─── Record set ───

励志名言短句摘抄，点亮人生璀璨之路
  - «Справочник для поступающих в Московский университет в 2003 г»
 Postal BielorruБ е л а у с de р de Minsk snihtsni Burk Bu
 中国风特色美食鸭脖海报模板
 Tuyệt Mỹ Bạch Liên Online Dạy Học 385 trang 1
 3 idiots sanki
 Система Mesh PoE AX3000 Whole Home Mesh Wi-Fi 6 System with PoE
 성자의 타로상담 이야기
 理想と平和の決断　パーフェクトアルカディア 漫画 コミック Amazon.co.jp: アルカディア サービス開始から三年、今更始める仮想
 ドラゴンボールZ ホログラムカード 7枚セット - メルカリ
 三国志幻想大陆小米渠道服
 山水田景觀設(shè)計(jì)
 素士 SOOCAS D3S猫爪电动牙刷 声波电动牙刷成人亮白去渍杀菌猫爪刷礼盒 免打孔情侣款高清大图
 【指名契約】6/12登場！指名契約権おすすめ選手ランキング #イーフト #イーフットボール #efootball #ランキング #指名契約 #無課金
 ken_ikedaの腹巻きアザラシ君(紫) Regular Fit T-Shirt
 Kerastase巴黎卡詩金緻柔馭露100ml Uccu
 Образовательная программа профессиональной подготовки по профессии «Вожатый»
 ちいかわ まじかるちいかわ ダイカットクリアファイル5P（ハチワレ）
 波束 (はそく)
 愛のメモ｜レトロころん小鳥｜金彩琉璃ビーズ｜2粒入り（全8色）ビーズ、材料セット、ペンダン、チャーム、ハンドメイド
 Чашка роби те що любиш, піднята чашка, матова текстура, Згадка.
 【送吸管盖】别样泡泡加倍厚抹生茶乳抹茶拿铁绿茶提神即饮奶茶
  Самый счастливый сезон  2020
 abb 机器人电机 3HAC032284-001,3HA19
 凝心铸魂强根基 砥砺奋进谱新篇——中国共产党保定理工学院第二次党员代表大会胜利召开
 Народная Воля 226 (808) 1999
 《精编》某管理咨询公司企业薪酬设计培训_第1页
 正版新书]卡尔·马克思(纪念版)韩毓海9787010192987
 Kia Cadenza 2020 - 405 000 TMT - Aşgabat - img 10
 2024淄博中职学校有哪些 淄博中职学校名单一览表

───

**Your goal**
Everything from the line that contains "성자의 타로상담 이야기" to the last line of the entries above should be repeated word for word, both lines included, with no other output.

**Solution to the exercise**
 성자의 타로상담 이야기
 理想と平和の決断　パーフェクトアルカディア 漫画 コミック Amazon.co.jp: アルカディア サービス開始から三年、今更始める仮想
 ドラゴンボールZ ホログラムカード 7枚セット - メルカリ
 三国志幻想大陆小米渠道服
 山水田景觀設(shè)計(jì)
 素士 SOOCAS D3S猫爪电动牙刷 声波电动牙刷成人亮白去渍杀菌猫爪刷礼盒 免打孔情侣款高清大图
 【指名契約】6/12登場！指名契約権おすすめ選手ランキング #イーフト #イーフットボール #efootball #ランキング #指名契約 #無課金
 ken_ikedaの腹巻きアザラシ君(紫) Regular Fit T-Shirt
 Kerastase巴黎卡詩金緻柔馭露100ml Uccu
 Образовательная программа профессиональной подготовки по профессии «Вожатый»
 ちいかわ まじかるちいかわ ダイカットクリアファイル5P（ハチワレ）
 波束 (はそく)
 愛のメモ｜レトロころん小鳥｜金彩琉璃ビーズ｜2粒入り（全8色）ビーズ、材料セット、ペンダン、チャーム、ハンドメイド
 Чашка роби те що любиш, піднята чашка, матова текстура, Згадка.
 【送吸管盖】别样泡泡加倍厚抹生茶乳抹茶拿铁绿茶提神即饮奶茶
  Самый счастливый сезон  2020
 abb 机器人电机 3HAC032284-001,3HA19
 凝心铸魂强根基 砥砺奋进谱新篇——中国共产党保定理工学院第二次党员代表大会胜利召开
 Народная Воля 226 (808) 1999
 《精编》某管理咨询公司企业薪酬设计培训_第1页
 正版新书]卡尔·马克思(纪念版)韩毓海9787010192987
 Kia Cadenza 2020 - 405 000 TMT - Aşgabat - img 10
 2024淄博中职学校有哪些 淄博中职学校名单一览表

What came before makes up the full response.